Si les objectifs de l’enseigne sont a priori louables, c’est une tout autre réalité qui se cacherait derrière cette communication : une mainmise d’un groupe sur l’agriculteur dépourvu de toute autonomie décisionnelle sur la ferme en contradiction totale avec le modèle d’agriculture familiale défendu chez nous. En effet, le groupe se réserve ainsi le droit d’imposer à l’agriculteur exploitant les terres ses choix tant de la nature de la production que du mode de production.
La Fwa rappelle qu’il est capital que dans cette politique de développement, l’enseigne mesure les conséquences pour les agriculteurs d’un éventuel rachat de terres occupées, et de reprise pour exploitation personnelle par Agripartners, la société filiale du groupe.
En effet, le producteur qui exploitera la ferme « Het Zilverleen » sera responsable de la gestion opérationnelle quotidienne de la ferme, mais devra répondre aux décisions stratégiques de l’enseigne. La grande distribution impose donc, ici, de manière directe et coercitive, son influence sur le producteur. Les deux syndicats s’accordent sur le fait que ces pratiques d’un autre âge rappellent le servage féodal. Un système qui fait fi de la loi du bail à ferme, qui doit régir les relations entre un propriétaire de terre agricole et l’agriculteur qui les loue. Ladite loi consacre d’ailleurs pleinement cette liberté de culture, qui reste entièrement aux mains de l’exploitant. Un principe, selon eux, non négociable !

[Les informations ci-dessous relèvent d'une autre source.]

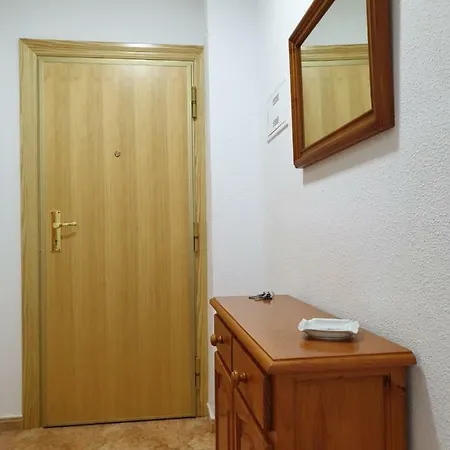 Apartamento De Vacaciones * 또레비에하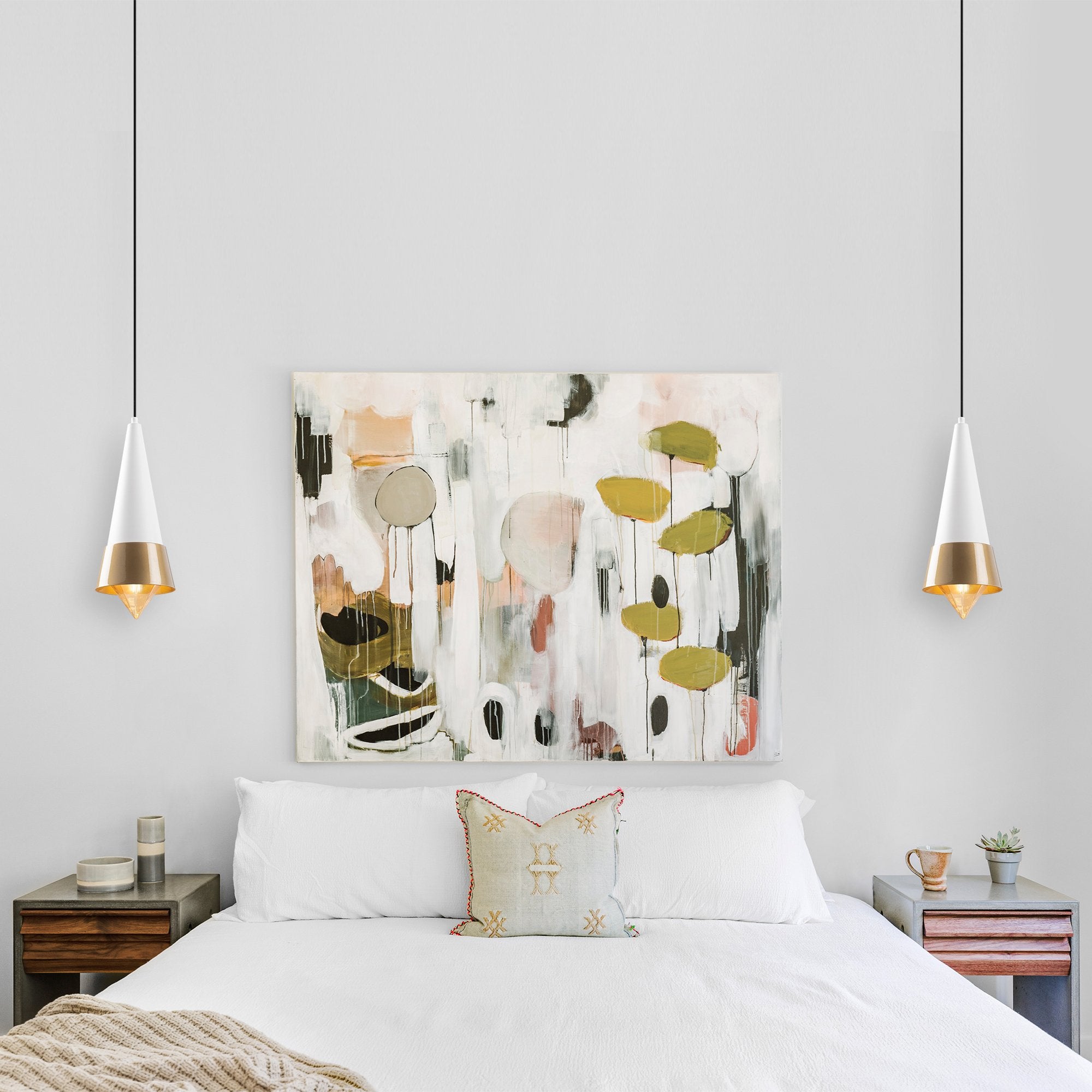 Vado Nus 2532 Sıvama Sarkıt Aydınlatma | ByLamp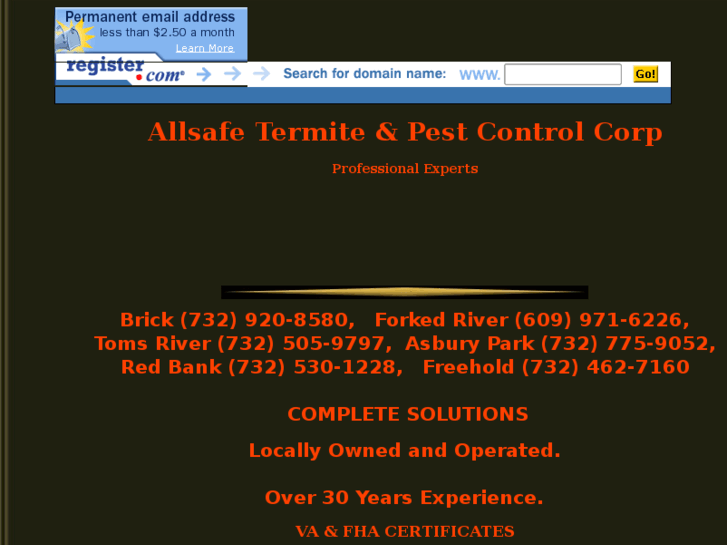 www.allsafepestcorp.com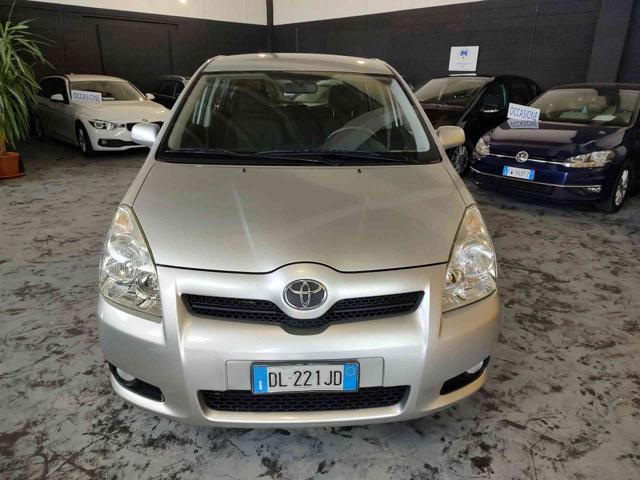 TOYOTA Corolla Verso usata, con Climatizzatore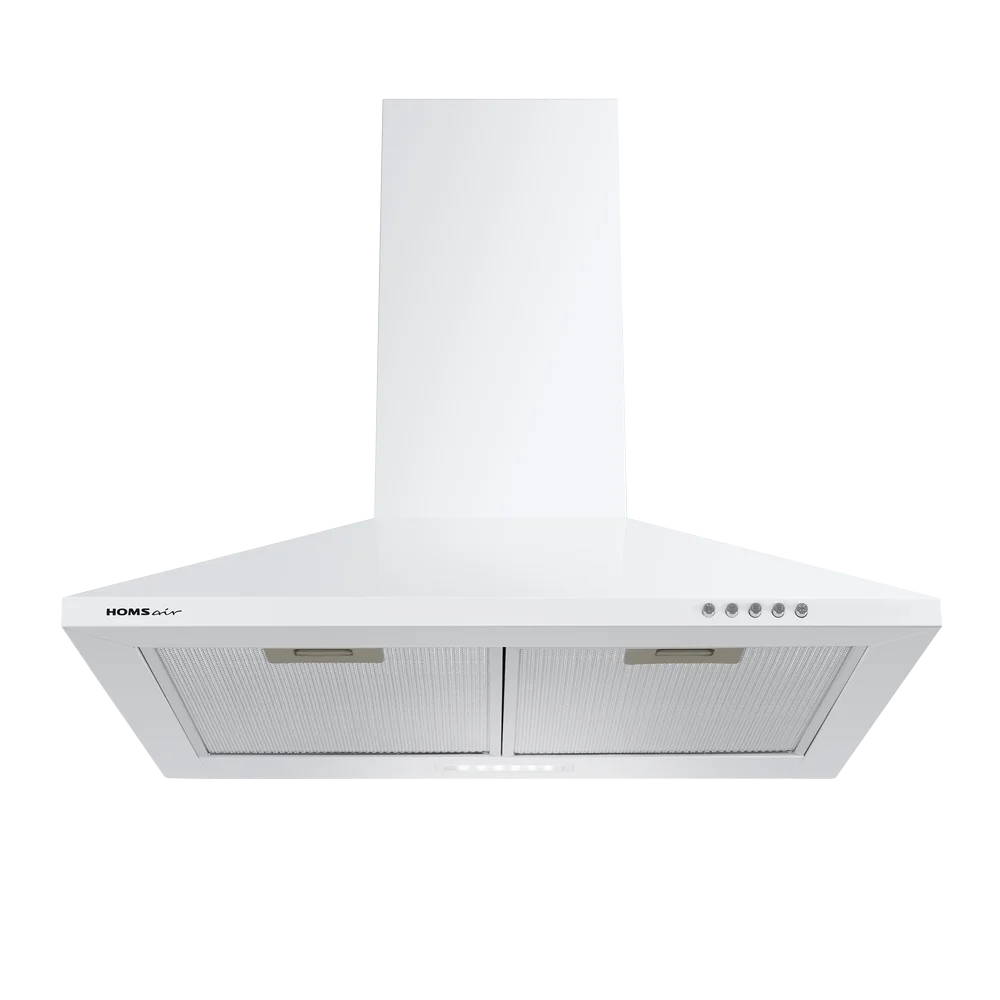 Kitchen range hood HOMSair DELTA 50 WHITE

Par ailleurs, la Fugea craint que si des exploitations bio venaient à être concernées, il y a fort à parier que des fermes qui répondent directement aux décisions stratégiques de la grande distribution soient contraintes d’adopter un modèle de production bio intensif.
En outre, comme la Fédération le déplore souvent, le paysage agricole belge se caractérise notamment par une pression foncière accrue, qui bloque l’installation des jeunes et freine la reprise d’exploitations. L’entrée sur le marché du foncier agricole, d’acteurs aussi puissants que ladite enseigne risque fortement d’accroître encore davantage ce phénomène.
Quand on connaît la problématique des prix non-rémunérateurs appliqués par la grande distribution à l’égard des producteurs et des productrices, il est donc difficile pour elle d’entendre la communication d’un groupe qui se targue de vouloir assurer plus de « durabilité dès le début de la chaîne ».